For this exercise, please find the lines in the entries that include the word "Gift" and copy them.

=== Section Start ===

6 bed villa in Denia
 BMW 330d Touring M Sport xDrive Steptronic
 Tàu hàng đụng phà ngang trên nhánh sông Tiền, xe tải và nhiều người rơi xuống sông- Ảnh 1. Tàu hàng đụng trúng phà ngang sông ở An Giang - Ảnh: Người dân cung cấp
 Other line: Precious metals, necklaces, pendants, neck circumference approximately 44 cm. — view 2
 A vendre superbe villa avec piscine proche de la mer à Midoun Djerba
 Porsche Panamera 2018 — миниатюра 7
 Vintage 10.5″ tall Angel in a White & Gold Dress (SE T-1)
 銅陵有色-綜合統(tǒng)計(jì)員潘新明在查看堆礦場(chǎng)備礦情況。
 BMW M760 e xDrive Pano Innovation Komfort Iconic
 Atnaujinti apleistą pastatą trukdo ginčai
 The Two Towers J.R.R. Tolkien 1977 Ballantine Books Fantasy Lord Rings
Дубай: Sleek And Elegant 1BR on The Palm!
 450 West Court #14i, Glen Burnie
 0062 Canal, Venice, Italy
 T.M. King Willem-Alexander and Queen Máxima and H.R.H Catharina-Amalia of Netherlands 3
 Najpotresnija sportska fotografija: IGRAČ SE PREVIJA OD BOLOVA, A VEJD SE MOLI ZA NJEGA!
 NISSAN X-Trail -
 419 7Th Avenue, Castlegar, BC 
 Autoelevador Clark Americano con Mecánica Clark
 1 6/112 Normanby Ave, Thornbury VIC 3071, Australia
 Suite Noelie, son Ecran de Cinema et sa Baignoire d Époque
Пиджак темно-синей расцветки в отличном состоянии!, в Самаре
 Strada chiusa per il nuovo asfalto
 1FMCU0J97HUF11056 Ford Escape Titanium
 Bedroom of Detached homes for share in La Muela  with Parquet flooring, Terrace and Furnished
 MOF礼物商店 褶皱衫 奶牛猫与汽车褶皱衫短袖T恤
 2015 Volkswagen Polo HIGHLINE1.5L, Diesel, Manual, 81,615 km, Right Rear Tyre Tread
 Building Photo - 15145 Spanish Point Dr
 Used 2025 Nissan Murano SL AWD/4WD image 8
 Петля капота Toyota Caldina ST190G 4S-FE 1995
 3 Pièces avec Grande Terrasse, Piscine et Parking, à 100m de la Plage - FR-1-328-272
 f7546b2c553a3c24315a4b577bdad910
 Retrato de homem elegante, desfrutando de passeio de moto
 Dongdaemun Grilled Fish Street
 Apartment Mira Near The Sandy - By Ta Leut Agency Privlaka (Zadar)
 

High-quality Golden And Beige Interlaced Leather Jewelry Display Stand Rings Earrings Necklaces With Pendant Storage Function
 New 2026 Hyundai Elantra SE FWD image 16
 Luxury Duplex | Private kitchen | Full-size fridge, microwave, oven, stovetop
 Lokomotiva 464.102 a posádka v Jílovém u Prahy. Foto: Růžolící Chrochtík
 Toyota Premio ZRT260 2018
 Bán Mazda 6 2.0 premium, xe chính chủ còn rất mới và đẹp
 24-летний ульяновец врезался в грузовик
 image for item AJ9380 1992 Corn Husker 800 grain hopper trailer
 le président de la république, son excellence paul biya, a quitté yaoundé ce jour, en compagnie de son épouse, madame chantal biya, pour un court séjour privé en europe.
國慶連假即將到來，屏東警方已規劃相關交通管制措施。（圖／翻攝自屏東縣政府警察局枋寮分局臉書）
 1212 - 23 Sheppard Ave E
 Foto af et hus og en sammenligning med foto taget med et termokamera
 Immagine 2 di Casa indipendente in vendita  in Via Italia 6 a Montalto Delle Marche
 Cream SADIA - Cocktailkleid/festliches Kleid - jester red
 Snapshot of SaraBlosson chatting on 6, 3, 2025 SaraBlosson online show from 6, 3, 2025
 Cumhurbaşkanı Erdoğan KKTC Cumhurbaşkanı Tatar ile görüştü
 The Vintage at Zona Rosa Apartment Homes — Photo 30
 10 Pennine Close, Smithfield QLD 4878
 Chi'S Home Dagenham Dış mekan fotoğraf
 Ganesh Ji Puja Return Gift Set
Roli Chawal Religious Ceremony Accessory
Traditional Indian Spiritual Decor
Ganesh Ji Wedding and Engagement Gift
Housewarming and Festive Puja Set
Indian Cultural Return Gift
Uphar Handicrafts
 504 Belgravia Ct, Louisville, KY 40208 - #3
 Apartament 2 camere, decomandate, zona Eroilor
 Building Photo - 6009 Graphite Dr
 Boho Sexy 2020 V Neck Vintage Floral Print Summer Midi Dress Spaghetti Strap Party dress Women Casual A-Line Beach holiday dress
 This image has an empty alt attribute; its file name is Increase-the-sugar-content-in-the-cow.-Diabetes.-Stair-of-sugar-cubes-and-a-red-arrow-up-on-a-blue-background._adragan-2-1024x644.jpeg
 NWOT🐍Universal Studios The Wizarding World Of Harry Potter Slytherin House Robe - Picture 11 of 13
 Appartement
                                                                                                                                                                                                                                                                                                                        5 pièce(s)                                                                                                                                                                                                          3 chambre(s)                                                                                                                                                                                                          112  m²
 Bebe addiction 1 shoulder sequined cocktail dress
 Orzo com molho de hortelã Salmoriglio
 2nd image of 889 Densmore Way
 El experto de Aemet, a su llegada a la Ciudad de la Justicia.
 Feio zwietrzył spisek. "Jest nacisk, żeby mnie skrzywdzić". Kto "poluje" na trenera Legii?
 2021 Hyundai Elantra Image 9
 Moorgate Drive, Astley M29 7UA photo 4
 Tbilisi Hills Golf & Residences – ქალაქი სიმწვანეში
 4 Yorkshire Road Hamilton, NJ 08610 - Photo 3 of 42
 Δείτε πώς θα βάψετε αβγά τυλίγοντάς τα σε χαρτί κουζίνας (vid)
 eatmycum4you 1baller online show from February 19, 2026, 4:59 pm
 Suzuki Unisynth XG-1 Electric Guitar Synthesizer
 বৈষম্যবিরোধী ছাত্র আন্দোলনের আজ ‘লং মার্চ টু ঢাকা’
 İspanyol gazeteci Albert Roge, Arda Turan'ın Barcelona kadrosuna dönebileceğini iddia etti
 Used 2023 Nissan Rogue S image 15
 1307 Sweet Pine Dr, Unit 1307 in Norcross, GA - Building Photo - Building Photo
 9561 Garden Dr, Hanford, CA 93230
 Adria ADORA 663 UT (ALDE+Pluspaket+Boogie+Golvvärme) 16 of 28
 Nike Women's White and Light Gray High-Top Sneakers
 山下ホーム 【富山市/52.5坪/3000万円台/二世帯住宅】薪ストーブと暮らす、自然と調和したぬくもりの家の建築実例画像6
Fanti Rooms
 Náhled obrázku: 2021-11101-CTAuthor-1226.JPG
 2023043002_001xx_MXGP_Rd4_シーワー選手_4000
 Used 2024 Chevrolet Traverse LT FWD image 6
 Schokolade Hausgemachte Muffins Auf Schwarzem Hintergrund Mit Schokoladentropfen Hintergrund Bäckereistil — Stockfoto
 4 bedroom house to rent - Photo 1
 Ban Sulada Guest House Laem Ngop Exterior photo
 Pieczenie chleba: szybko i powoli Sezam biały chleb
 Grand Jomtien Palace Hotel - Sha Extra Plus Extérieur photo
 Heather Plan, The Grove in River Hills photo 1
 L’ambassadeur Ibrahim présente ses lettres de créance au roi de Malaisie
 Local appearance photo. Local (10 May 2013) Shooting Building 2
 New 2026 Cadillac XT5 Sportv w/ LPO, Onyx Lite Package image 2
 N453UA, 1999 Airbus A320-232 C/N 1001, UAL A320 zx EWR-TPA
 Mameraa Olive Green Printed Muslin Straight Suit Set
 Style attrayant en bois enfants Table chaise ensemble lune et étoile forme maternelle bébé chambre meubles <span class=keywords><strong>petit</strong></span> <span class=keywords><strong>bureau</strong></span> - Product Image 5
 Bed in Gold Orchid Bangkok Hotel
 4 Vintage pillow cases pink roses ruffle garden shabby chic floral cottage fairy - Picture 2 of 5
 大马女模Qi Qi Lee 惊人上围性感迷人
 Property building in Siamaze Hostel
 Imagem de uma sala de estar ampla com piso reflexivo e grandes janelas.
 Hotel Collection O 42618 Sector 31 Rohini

=== Section End ===

*Expected output*:
 Ganesh Ji Puja Return Gift Set
Ganesh Ji Wedding and Engagement Gift
Indian Cultural Return Gift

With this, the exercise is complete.